The rights of the case spun between blame and praise like a feather between two mouths. Both Lancasters were strong men of a rare type that should be stuffed and labelled. They were also murderers, and should both have been drowned; truth-lovers, peace-rulers, regarding their charge as sacred; specious liars and hypocrites, afflicted with a grossly inordinate ambition.

But, as a matter of fact, there was plenty of sympathy for the son, the supposed victim of forced loyalty to a weak employer and an arrogant parent, the creature of destiny, bound to take the course he did, a helpless, doomed sheep, like all the other martyrs of the marsh. There were certain well-meaning souls who pursued Lanty with such comforting extracts, but even these smug blunderers did not do it twice. Only Lup and Francey, over the sea, and Hamer, sadly silent, knew what he really felt about it all; and not they fully. There are debts a man pays in himself alone.

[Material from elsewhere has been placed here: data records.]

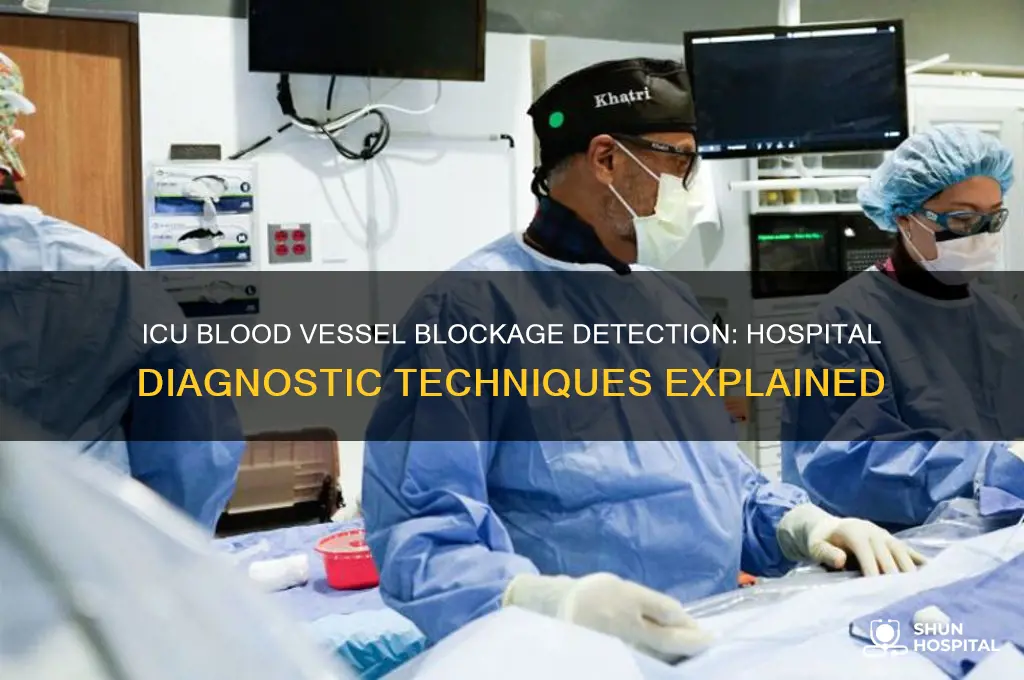 how do hospitals determine blood vessel blockage in icu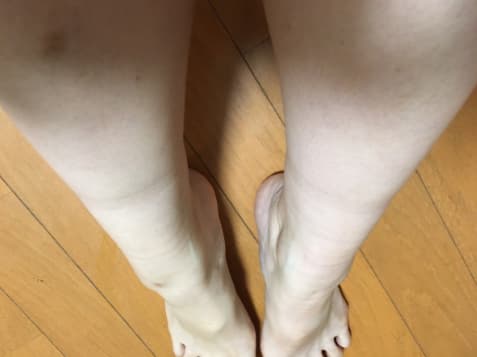 ルートローラー使用前の画像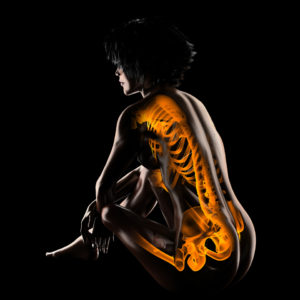 risk factors for Osteoporosis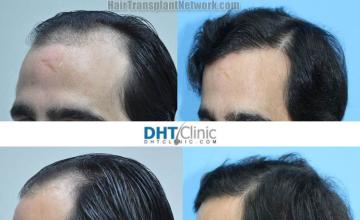 before and after photos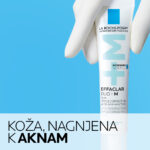 Koža, nagnjena k aknam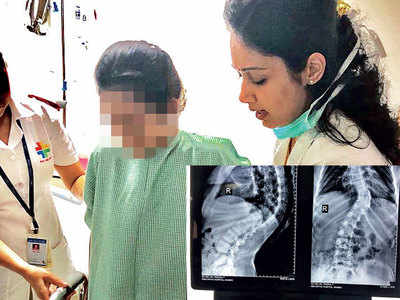 14-yr-old’s spine deformity corrected by city doctors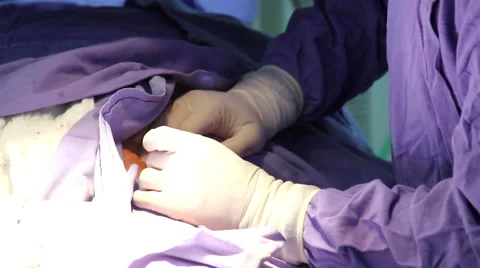 Mexico, 2014: CLOSE UP-TILT UP. Faces surgeons during surgery. Stock Footage 48475164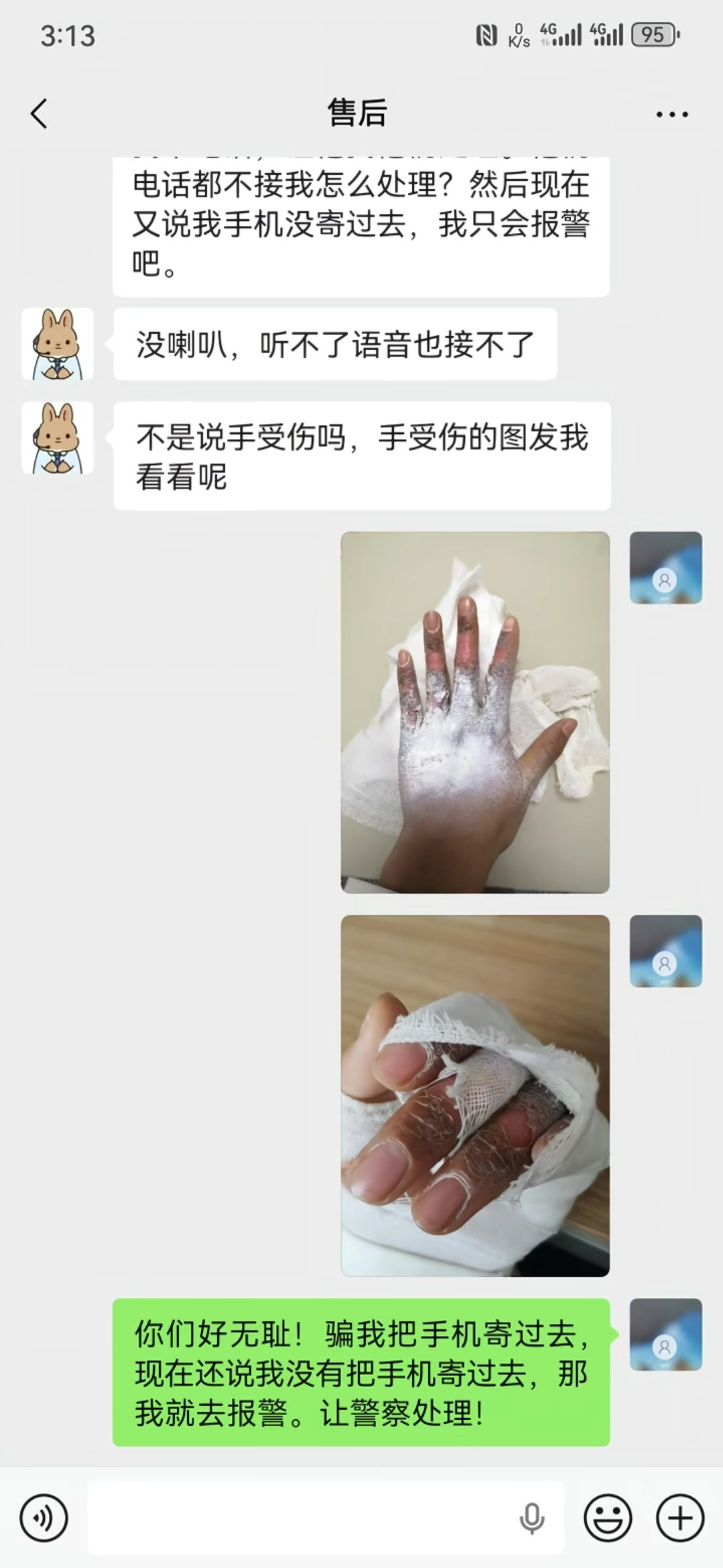 刷到网友用夏新手机，把自己手炸伤的，这是真遇上爆炸机了……杂牌真不能碰！只可惜有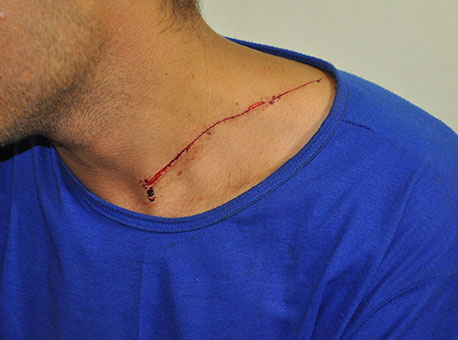 070115-policia-tentativadehomicidio-cleriston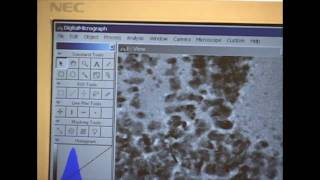 Transmission Electron Microscope Part 2 of 2 [upl. by Rama]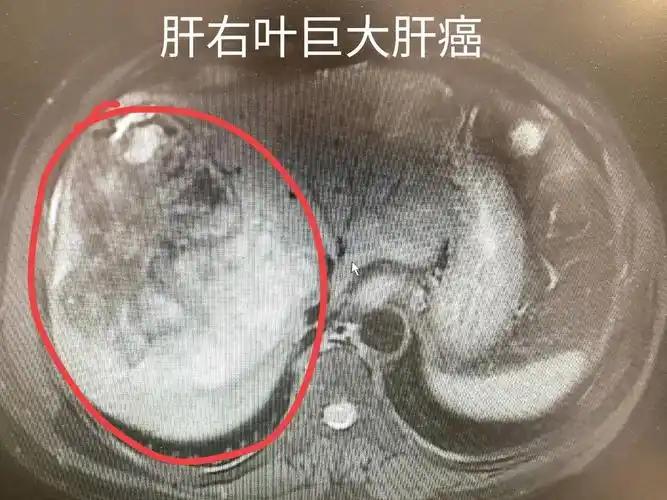别再被误导！肝癌3个常见误区，很多人踩坑还不自知平时接诊时，发现很多人对肝癌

He had resisted all attempts to get him away—Hamer’s pleasant plan for the Canaries had had a short existence and a sudden and violent death—but Helwise had not been defrauded of her tour. For a month she had spun luxuriously from place to place, petted and considered, chattering incessantly and happy as a singing kettle. And after that they had kept her at Watters for long enough, while Blenkinship’s Marget, lent to Lanty during his aunt’s absence, scrubbed and organised like an inspired fury, ruthlessly forcing the twittering Agnes through the mill of discipline and method, and feeding the silent master as he had hitherto been fed only in dreams. The transfer had been brought about by Dandy, cognisant, through bitter experience, of his need. But now Helwise was coming home, and King Muddle would have his own again.

Wigmore, slowly returning to a semblance of health, had spent the summer recruiting at Bournemouth and yachting with Bluecaster, and was now at Watters, while over at Wild Duck Harriet entertained the whole Quetta family (whose real name was something quite different) with reckless generosity. Lanty had seen her with them at the various Shows, preaching Westmorland agriculture into puzzled foreign ears. He had also seen Stubbs, no longer requiring to be soothed with rotifers, hung about with Quetta-lings like a family elephant.

But of Dandy he had seen nothing—nothing, that is, but, at intervals, a smiling, daintily-gracious transparency hovering on the borders of his clouded existence. Blotted out in a night of storm, she, who had come so near to meaning everything in his life, had ceased to mean anything at all. But to-night the old transfiguration was upon the once-loved fields, and everything was human and dear again, even as the friendly earth. At eventide there was light.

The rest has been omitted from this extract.